Mi marido es un fantasma
Mi marido es un fantasma
Por: Edgar Romero
Capítulo 1

 Rudolph murió asesinado una noche muy fría de octubre. Un sujeto lo esperó en una esquina poca concurrida, en los suburbios, agazapado entre las sombras, embozado en un sobretodo caqui, con una pistola de seis tiros. Mi esposo había comprado pan, mortadela, un tarro de leche para mí y azúcar para tomarnos un refrigerio juntos en la casa, contándonos las novedades del día. Cumplíamos, recién, dos años de casados y él quería celebrarlo de la misma manera que lo hacía siempre, en forma sencilla, solos los dos,  con la noche recortada por las cortinas en los vidrios de la ventana del comedor,  saboreando panes crocantes, tomando su café y besándonos mucho, fabricando sueños imposibles, hablando de viajes por el mundo entero, tener muchísimos hijos y comprar el librero grande para las enciclopedias que tenía arrumadas en el desván  y que se remontaban a los años escolares de su abuelo, imagínense qué antigüedades eran.

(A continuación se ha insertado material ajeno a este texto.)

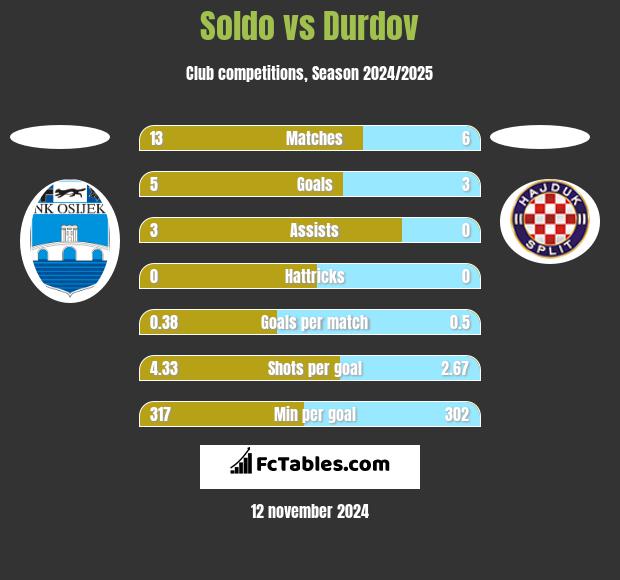 Soldo vs Durdov h2h player stats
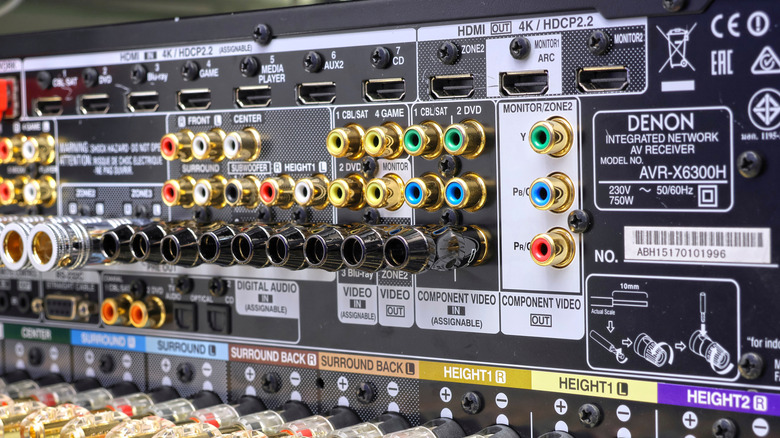 The rear panel of an AV receiver showing numerous HDMI, speaker, and RCA ports.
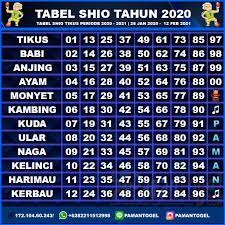 Pamantogel Agen Togel Terpercaya Live Casino Terbesar Tikus Periode Buku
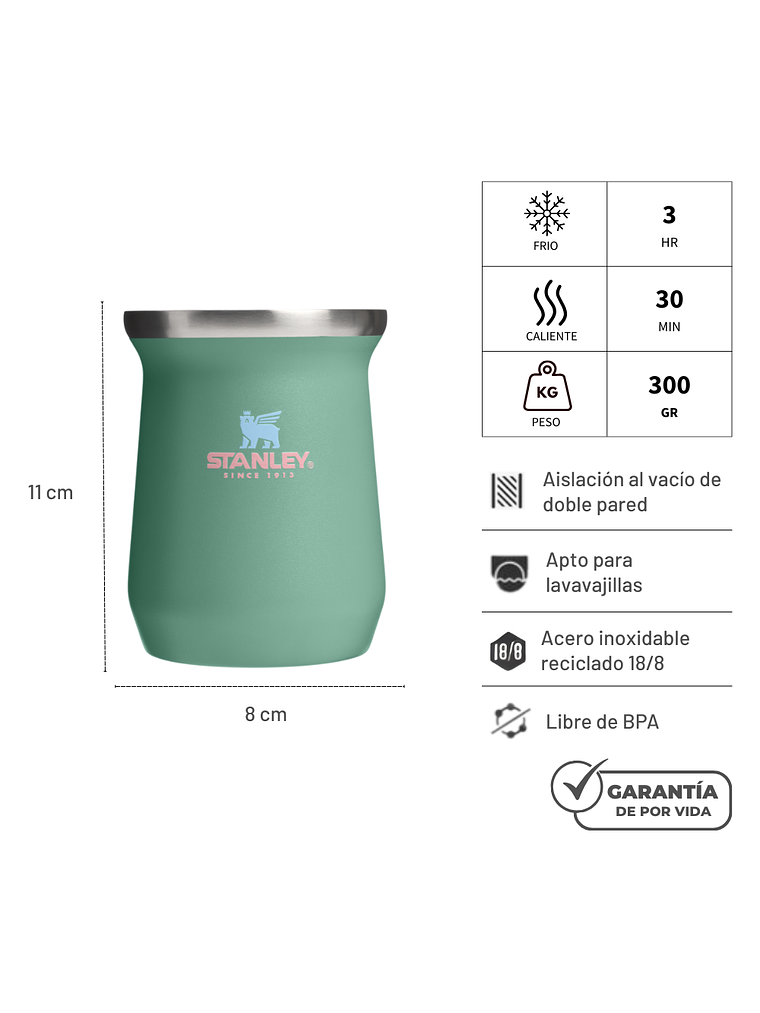 MATERO STANLEY ANTONELA 236 ML 3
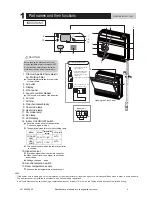 Preview for 4 page of International comfort products DLFBHF09K1A Owner'S Manual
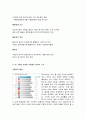 [2016최신자료]4대강 사업의 개요 및 현황 및 찬반론[4대강 사업의 추진 배경 정부와시민단체의 입장차이] [4대강 사업에 대한 나의 생각] [4대강 사업에 대한 모든 것] [4대강 사업 총정리]  6페이지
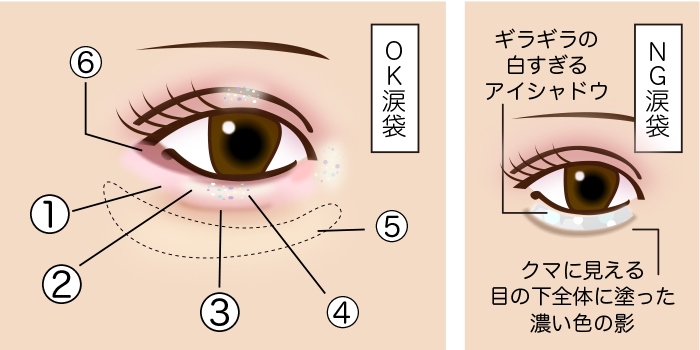 飛田新地で稼げる涙袋の作り方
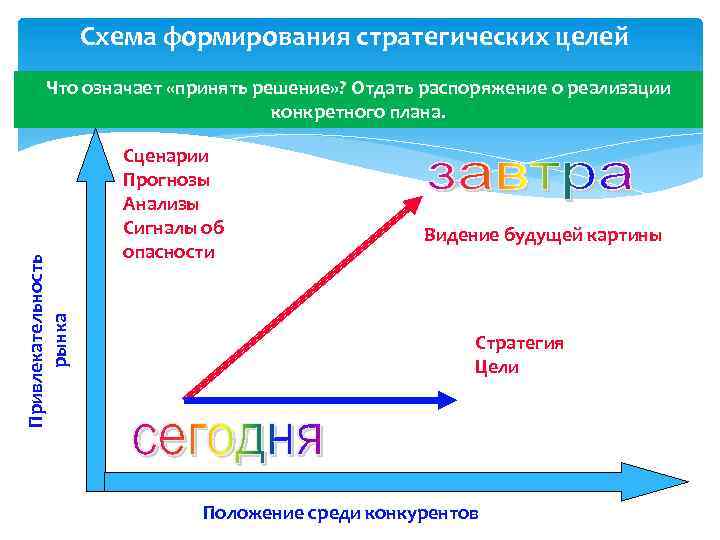 Схема формирования стратегических целей Привлекательность рынка Что означает «принять решение» ? Отдать распоряжение о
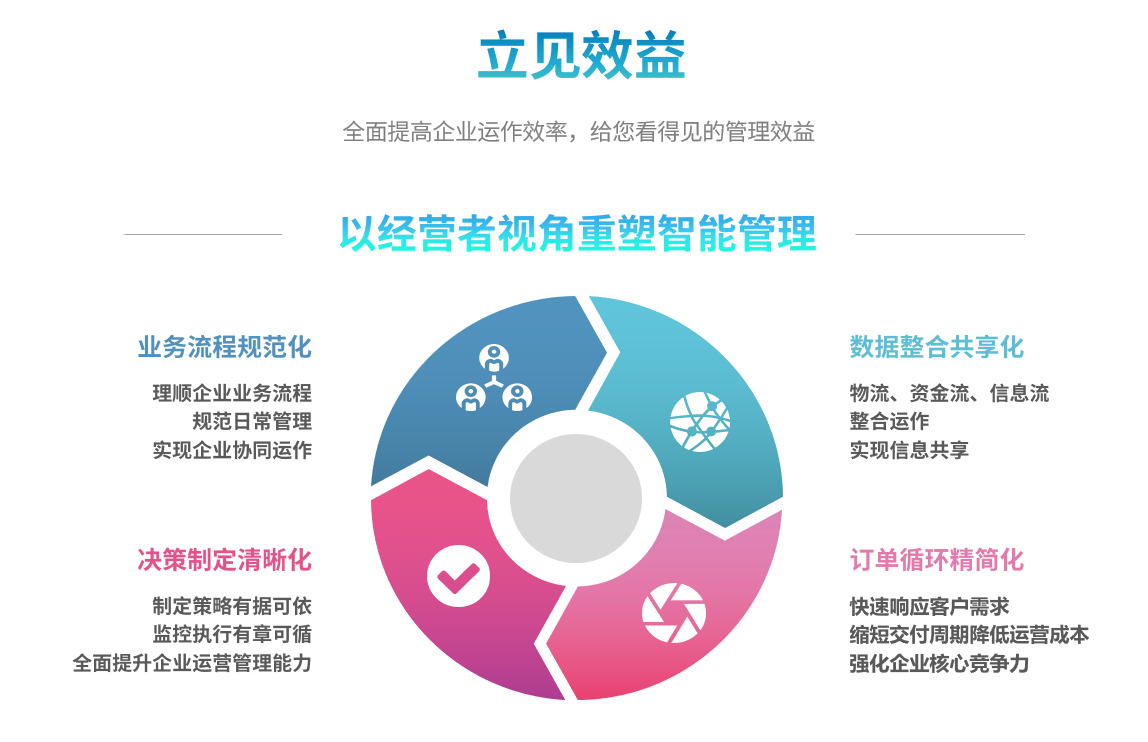 多宝登录入口_多宝（中国）多宝登录入口_多宝（中国）
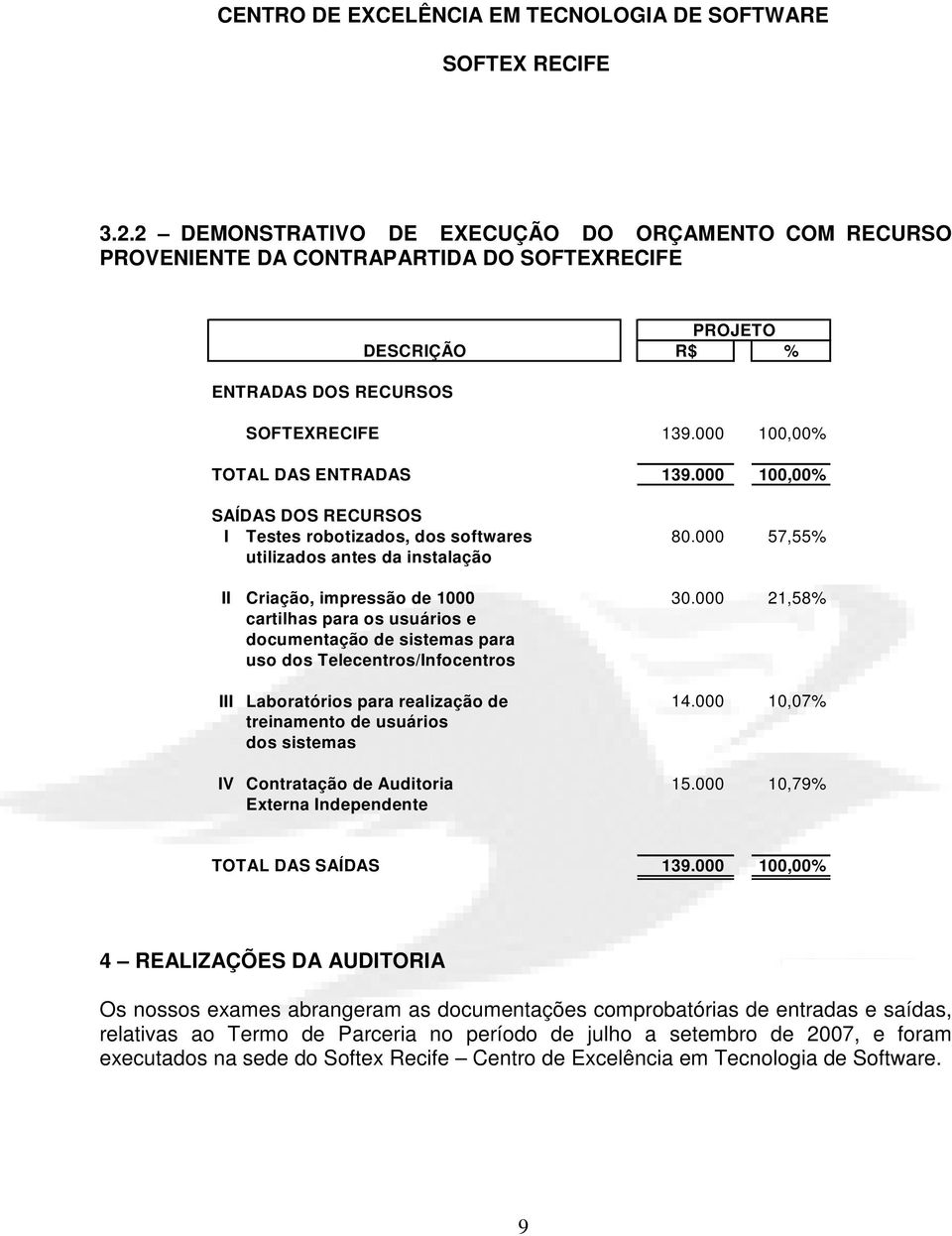 000 21,58% cartilhas para os usuários e documentação de sistemas para uso dos Telecentros/Infocentros III Laboratórios para realização de 14.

   El tipo venía esperando, ya mucho rato, que mi marido saliera de la clínica, donde trabajaba como anestesiólogo.  El nosocomio está a poca distancia de la casa, así es que siempre iba y venía a pie  de su consultorio. El criminal ese lo sabía y por ello lo aguardó impaciente, ansioso del momento en que, al fin, le llenaría el cuerpo de balazos. De remate, Rudolph entró a comprar pan. El sujeto se enfureció. Golpeó la pared con sus puños, sintió truenos y relámpagos estallando en la cabeza y un inclemente aserradero se desató taladrando sus sesos. Se recostó a la pared, sudando mucho, ahogándose por el asma, con su corazón rebotando frenético en las paredes de su pecho, sin saber qué hacer, con la pistola metida en la cintura, quemándole el cuerpo como si fuera un ardiente clavo.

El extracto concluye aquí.